> **EXERCISE INPUT**:
════════

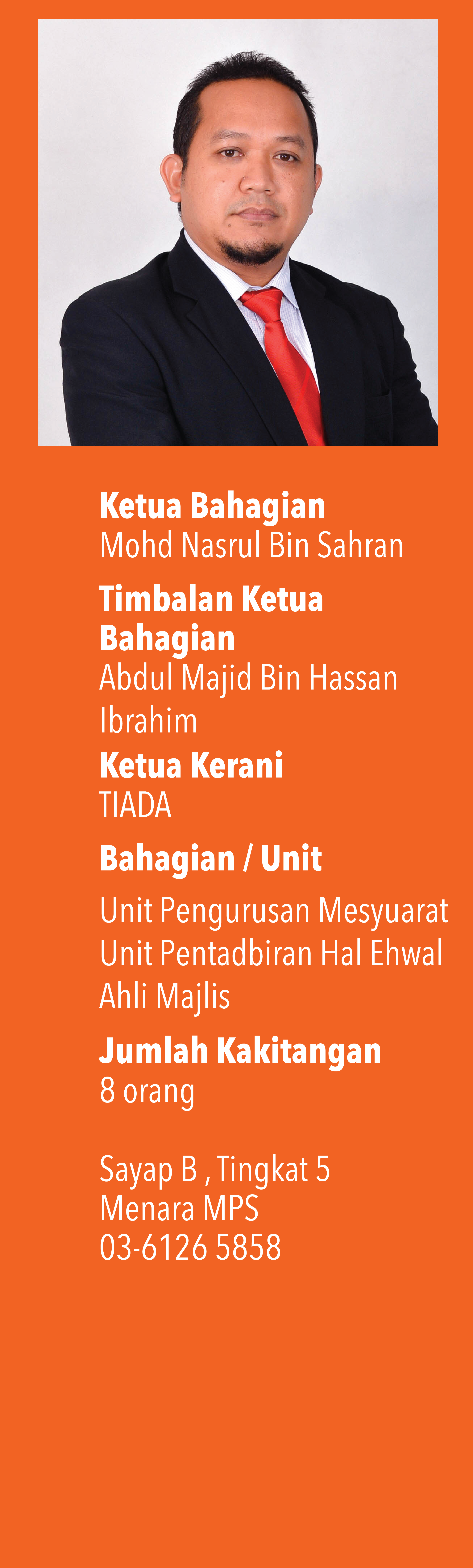 Sidepanel Pengarah Bahagian Urusetia 032023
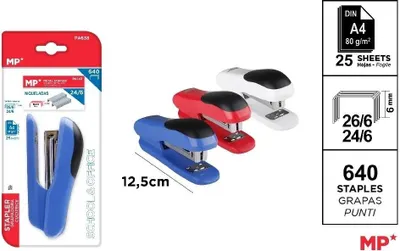 Obrázok produktu pre OFFICE MIX COLOUR zošívačka 24/6 + sponky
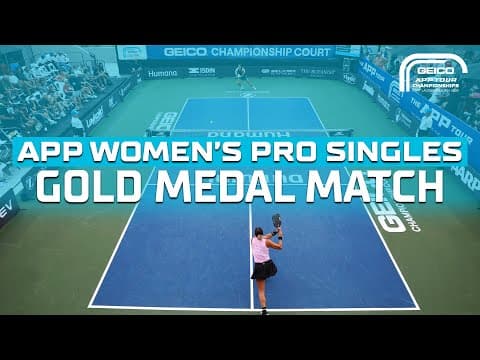 Top-Ranked Sofia Sewing Faces Breakout Player Seone Mendez in Women's Pro Singles Gold Medal Match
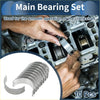 Silver metallic main bearing set 10 pieces for toyota avensis 1998 to 2005 engine repair parts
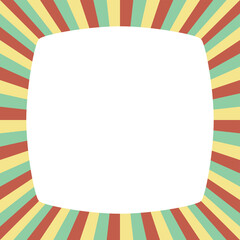 Aesthetic Colorful Frame Center Hole 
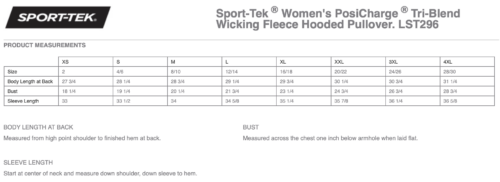 Burnsville Fastpitch - Women's Printed PosiCharge ® Tri-Blend Wicking Fleece Hooded Pullover (LST296) - Image 3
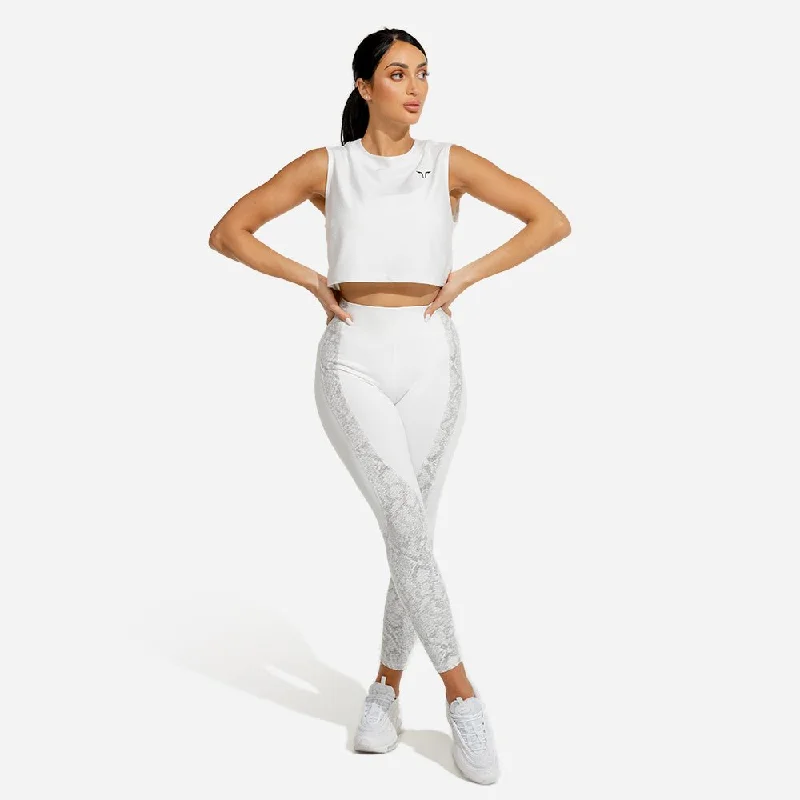 Women's Vintage Clothes Limitless Crop Top - White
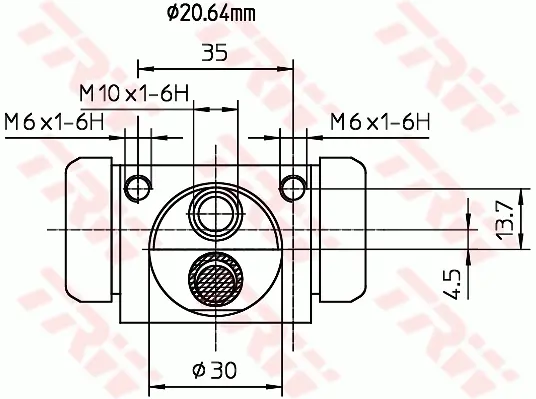 Wheel Brake Cylinder TRW Braking 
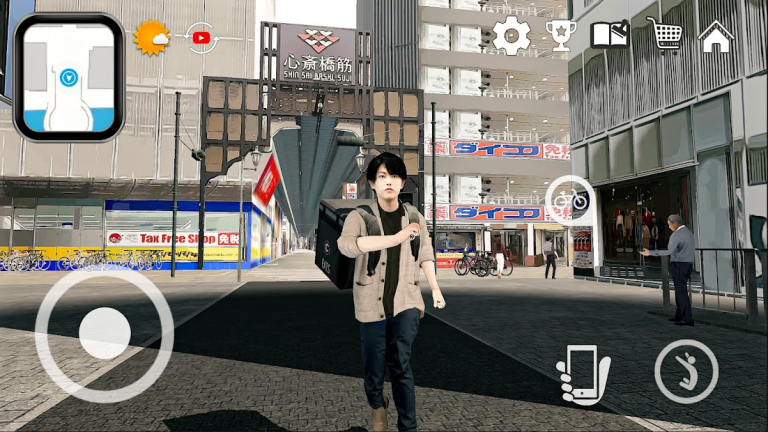 『大阪フードデリバリー - 日本仮想旅行 3D』いつでもどこでも大阪を旅行できる新感覚オープンワールドアーケードアクションゲーム！！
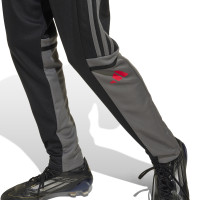 adidas Squadra 25 Pantalon d'Entraînement Enfants Noir Gris Rouge
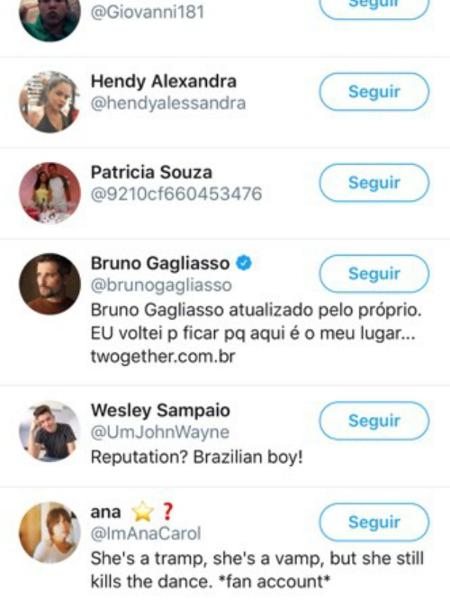 Bruno Gagliasso curte publicação que critica "O Sétimo Guardião" - Reprodução/Twitter - Reprodução/Twitter
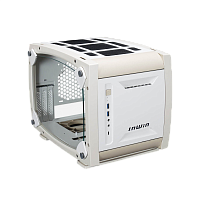 IW-CS-EXPLORER-BWHI Корпус без блока питания/ Case InWin Explorer, Mini-Tower, TG, 3x120mm ARGB, 2xUSB-A 3.0 + 1xUSB-C 3.2, mITX Bone White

════════

> **TASK GOAL**: Find the line containing "- 日本仮想旅行 3D』いつでもどこでも大阪を旅行できる新感覚オープンワールドアーケードアクションゲーム！！" in the listing above. Please restate word for word that line through the last one, leaving out the pictures.

> **SOLUTION FOR THIS EXERCISE**:
 『大阪フードデリバリー - 日本仮想旅行 3D』いつでもどこでも大阪を旅行できる新感覚オープンワールドアーケードアクションゲーム！！
 adidas Squadra 25 Pantalon d'Entraînement Enfants Noir Gris Rouge
 Bruno Gagliasso curte publicação que critica "O Sétimo Guardião" - Reprodução/Twitter - Reprodução/Twitter
 IW-CS-EXPLORER-BWHI Корпус без блока питания/ Case InWin Explorer, Mini-Tower, TG, 3x120mm ARGB, 2xUSB-A 3.0 + 1xUSB-C 3.2, mITX Bone White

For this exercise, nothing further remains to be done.